TASK TO CARRY OUT:
Nothing outside the stretch is wanted. Repeat exactly the lines of the listing below from the one that contains "ロシア食器 インペリアル・ポーセリン オリエンタルギフト" through the one that contains "Cesta Café da Manhã Saudável com Cocotella", both ends included.

+++ THE DATA

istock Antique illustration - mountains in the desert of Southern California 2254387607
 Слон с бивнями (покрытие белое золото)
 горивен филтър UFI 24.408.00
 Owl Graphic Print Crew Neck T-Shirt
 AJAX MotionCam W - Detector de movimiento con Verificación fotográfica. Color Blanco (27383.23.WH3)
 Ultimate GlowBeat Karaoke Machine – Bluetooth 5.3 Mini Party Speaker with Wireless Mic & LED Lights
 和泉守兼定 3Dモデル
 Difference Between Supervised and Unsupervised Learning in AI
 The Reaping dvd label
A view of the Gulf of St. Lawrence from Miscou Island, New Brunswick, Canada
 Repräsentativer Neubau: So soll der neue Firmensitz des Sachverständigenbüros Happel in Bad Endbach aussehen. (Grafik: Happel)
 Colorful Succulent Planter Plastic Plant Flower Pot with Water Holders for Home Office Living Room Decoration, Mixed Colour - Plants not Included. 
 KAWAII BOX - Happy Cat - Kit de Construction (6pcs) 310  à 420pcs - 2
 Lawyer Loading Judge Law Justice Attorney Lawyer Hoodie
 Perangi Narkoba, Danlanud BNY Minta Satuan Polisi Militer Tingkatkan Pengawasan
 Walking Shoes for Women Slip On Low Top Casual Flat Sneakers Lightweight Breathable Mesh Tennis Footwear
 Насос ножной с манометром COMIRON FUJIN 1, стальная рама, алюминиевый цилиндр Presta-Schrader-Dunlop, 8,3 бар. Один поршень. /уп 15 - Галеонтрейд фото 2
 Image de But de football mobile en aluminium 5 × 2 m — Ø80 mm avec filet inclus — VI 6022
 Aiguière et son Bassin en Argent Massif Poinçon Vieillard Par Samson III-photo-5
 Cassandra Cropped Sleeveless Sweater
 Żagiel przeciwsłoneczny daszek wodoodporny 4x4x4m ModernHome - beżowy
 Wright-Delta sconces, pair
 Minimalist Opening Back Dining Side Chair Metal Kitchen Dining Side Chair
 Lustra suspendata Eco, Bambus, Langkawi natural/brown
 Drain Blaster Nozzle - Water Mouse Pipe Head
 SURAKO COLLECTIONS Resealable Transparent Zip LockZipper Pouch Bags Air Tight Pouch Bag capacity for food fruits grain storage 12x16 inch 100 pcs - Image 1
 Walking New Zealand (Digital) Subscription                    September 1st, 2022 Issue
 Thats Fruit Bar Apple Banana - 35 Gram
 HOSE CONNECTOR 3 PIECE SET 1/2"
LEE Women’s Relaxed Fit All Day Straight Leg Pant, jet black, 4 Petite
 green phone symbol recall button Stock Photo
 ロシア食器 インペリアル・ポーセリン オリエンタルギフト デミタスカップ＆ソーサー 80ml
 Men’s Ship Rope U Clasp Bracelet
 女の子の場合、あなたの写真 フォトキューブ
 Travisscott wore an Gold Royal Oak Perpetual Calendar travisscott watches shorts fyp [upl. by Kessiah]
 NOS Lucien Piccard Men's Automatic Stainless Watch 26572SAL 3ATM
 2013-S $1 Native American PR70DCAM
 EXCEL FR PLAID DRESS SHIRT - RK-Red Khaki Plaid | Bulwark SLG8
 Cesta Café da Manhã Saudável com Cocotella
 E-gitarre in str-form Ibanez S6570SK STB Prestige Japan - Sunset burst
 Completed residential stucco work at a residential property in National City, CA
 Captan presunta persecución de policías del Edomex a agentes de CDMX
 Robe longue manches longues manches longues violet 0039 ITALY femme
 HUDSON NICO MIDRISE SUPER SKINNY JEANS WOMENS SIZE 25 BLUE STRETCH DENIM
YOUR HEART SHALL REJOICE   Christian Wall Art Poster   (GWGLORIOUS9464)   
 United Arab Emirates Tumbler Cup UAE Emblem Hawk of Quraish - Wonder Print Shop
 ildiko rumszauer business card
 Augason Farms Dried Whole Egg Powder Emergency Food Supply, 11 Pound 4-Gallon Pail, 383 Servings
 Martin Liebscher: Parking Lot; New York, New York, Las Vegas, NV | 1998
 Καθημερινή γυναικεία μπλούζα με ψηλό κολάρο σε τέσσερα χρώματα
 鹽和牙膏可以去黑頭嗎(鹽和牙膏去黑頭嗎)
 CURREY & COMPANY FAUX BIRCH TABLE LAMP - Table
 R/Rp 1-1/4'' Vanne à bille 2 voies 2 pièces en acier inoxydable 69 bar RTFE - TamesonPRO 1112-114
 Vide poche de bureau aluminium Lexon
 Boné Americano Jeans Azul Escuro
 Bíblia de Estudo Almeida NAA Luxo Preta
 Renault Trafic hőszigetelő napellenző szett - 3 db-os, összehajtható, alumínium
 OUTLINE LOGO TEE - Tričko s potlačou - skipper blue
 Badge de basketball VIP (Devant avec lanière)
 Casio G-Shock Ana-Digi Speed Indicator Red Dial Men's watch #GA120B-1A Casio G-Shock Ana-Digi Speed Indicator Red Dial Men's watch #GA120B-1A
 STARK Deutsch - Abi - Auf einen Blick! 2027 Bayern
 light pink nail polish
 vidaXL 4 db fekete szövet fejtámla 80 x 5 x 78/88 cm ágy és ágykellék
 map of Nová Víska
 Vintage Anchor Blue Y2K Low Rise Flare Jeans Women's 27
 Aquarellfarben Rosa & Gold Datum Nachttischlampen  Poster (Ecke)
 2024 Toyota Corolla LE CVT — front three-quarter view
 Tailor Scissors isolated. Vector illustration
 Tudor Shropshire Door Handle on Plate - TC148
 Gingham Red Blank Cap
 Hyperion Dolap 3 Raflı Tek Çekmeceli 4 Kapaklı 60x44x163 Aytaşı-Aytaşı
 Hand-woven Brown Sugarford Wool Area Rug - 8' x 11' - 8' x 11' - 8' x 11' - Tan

++++++

RESPONSE BOX:
 ロシア食器 インペリアル・ポーセリン オリエンタルギフト デミタスカップ＆ソーサー 80ml
 Men’s Ship Rope U Clasp Bracelet
 女の子の場合、あなたの写真 フォトキューブ
 Travisscott wore an Gold Royal Oak Perpetual Calendar travisscott watches shorts fyp [upl. by Kessiah]
 NOS Lucien Piccard Men's Automatic Stainless Watch 26572SAL 3ATM
 2013-S $1 Native American PR70DCAM
 EXCEL FR PLAID DRESS SHIRT - RK-Red Khaki Plaid | Bulwark SLG8
 Cesta Café da Manhã Saudável com Cocotella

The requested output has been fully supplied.